EXERCISE REQUIREMENTS =
The task calls for the line containing "Courtenay Cabin | Pilgrims Seaside Cabin" and all later lines, through the end of the entries below, to be set down exactly and without pictures.

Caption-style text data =

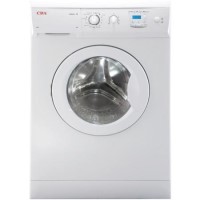 CDA CI830WH 60cm Freestanding Washer Dryer - White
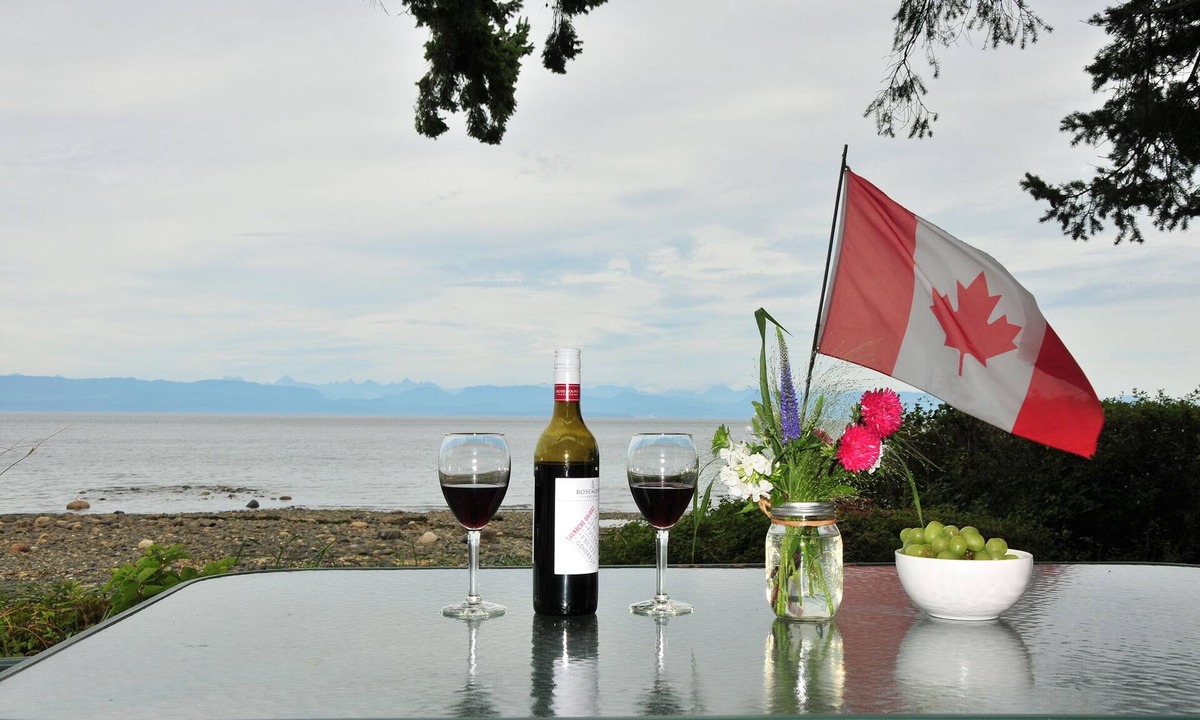 Courtenay Cabin | Pilgrims Seaside Cabin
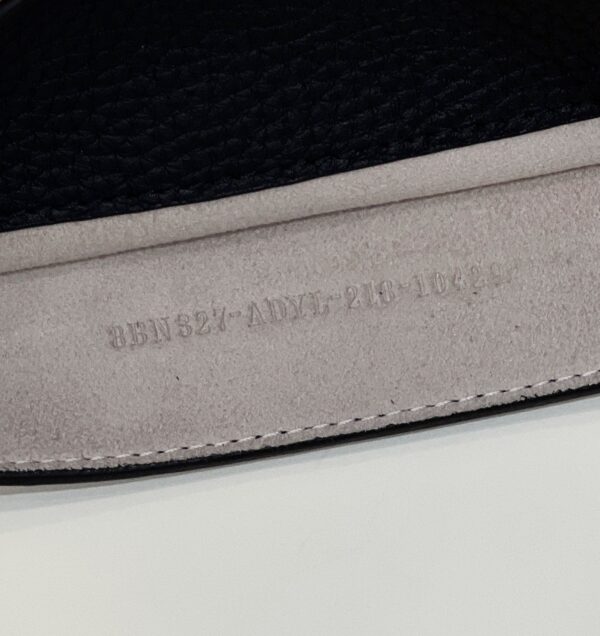 FENDI PEEKABOO MEDIUM BAG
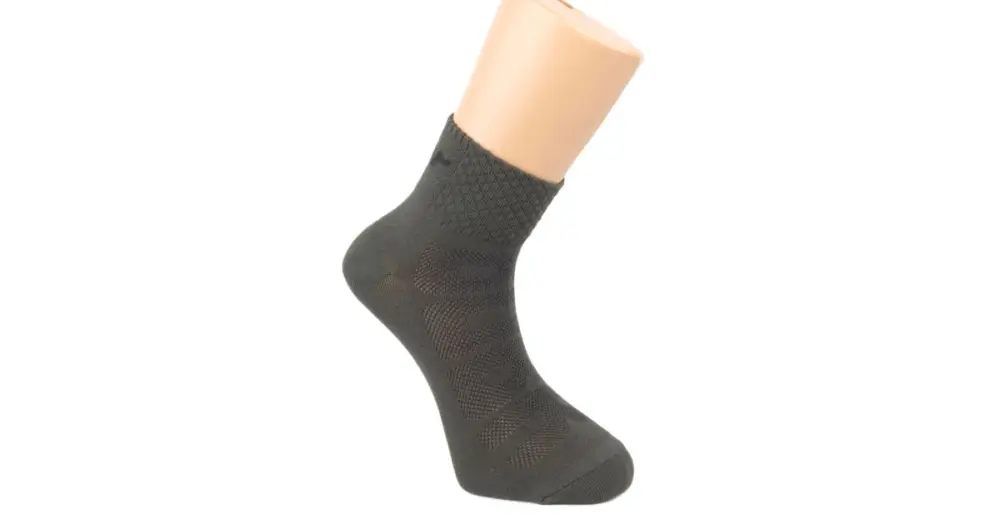 Must-Have Bobr Ponožky Letní Sport Khaki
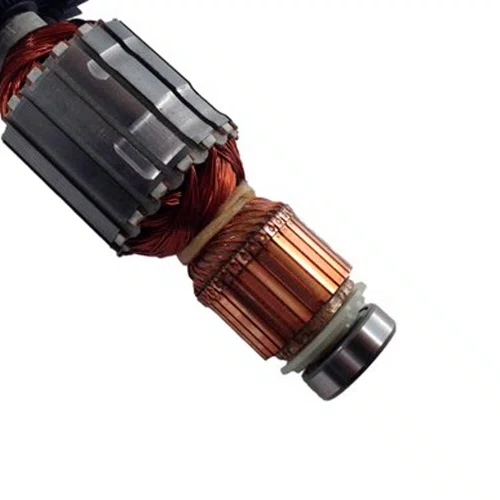 Induzido/ Rotor 220V - 516863-9 - Makita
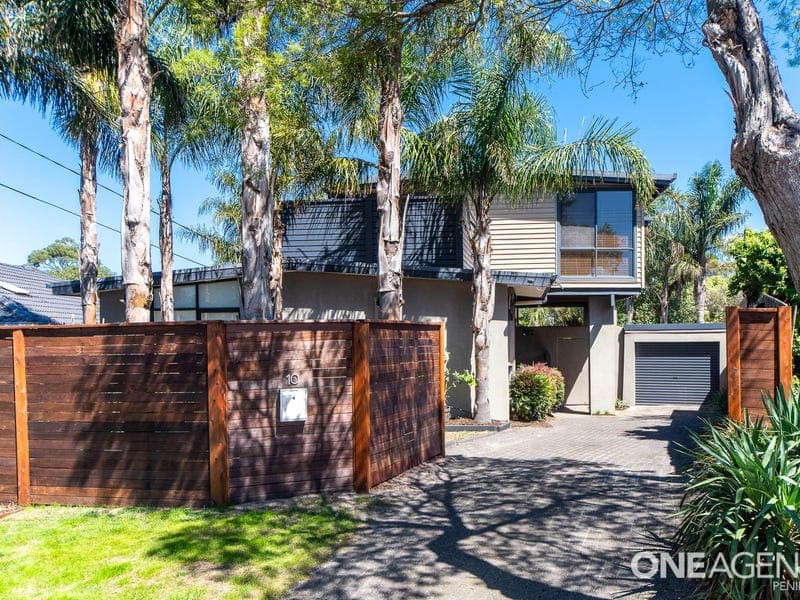 10 Nareen Court, Frankston South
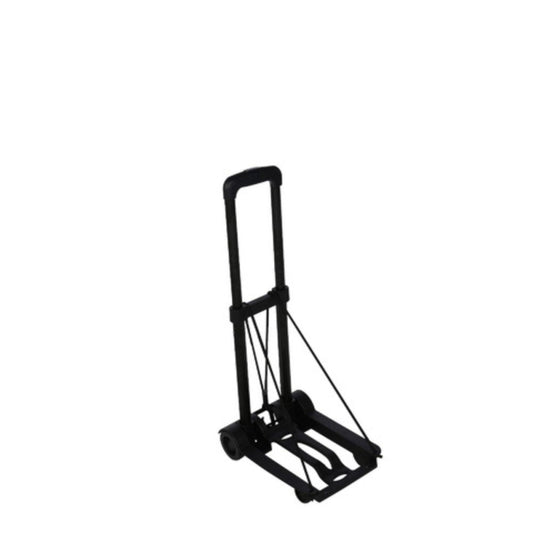Carrinho Plataforma de Mão Dobrável 2 Rodas para Carga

RESPONSE BELOW =
 Courtenay Cabin | Pilgrims Seaside Cabin
 FENDI PEEKABOO MEDIUM BAG
 Must-Have Bobr Ponožky Letní Sport Khaki
 Induzido/ Rotor 220V - 516863-9 - Makita
 10 Nareen Court, Frankston South
Carrinho Plataforma de Mão Dobrável 2 Rodas para Carga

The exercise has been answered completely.